• Records for this exercise:
--------------------------------------------------

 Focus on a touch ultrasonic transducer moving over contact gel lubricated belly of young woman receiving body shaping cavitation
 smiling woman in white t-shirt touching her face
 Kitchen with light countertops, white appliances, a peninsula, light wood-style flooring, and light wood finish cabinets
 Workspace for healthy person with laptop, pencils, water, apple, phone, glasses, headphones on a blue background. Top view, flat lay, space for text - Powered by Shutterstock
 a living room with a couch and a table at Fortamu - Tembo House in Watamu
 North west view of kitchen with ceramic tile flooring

--------------------------------------------------

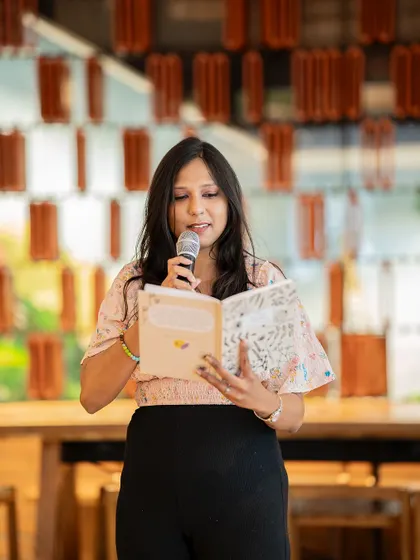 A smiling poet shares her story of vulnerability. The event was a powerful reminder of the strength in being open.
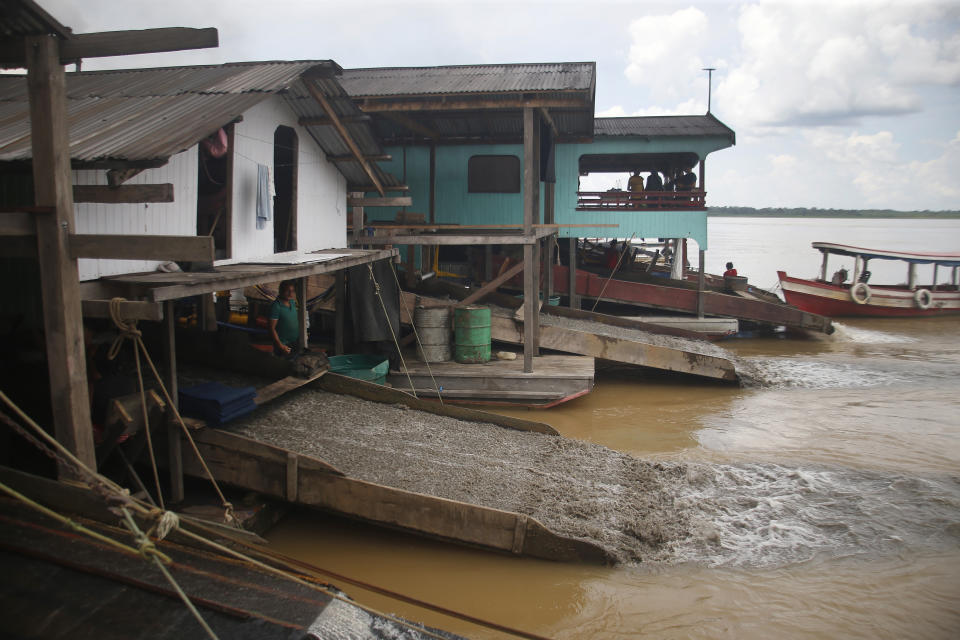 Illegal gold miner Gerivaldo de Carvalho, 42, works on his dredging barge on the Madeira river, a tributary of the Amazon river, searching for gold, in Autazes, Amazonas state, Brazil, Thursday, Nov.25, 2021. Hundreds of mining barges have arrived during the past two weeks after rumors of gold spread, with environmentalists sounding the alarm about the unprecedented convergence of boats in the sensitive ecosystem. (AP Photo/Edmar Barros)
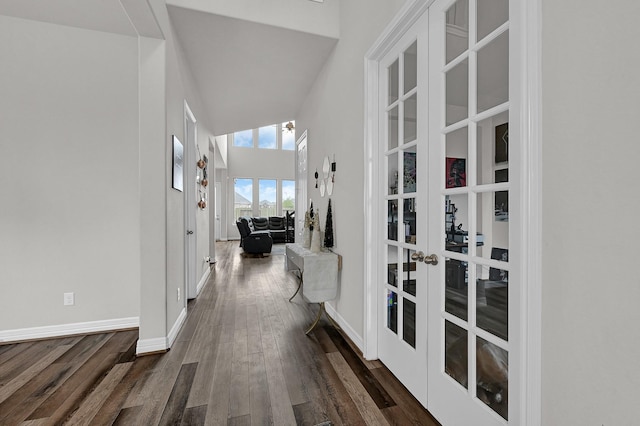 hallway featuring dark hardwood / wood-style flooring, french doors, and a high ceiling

--------------------------------------------------

• Exercise requirements: Print, from the entries above, the line with "Focus on a touch", the line with "North west view" and all lines between them, exactly and with nothing else.

• Result of the exercise:
 Focus on a touch ultrasonic transducer moving over contact gel lubricated belly of young woman receiving body shaping cavitation
 smiling woman in white t-shirt touching her face
 Kitchen with light countertops, white appliances, a peninsula, light wood-style flooring, and light wood finish cabinets
 Workspace for healthy person with laptop, pencils, water, apple, phone, glasses, headphones on a blue background. Top view, flat lay, space for text - Powered by Shutterstock
 a living room with a couch and a table at Fortamu - Tembo House in Watamu
 North west view of kitchen with ceramic tile flooring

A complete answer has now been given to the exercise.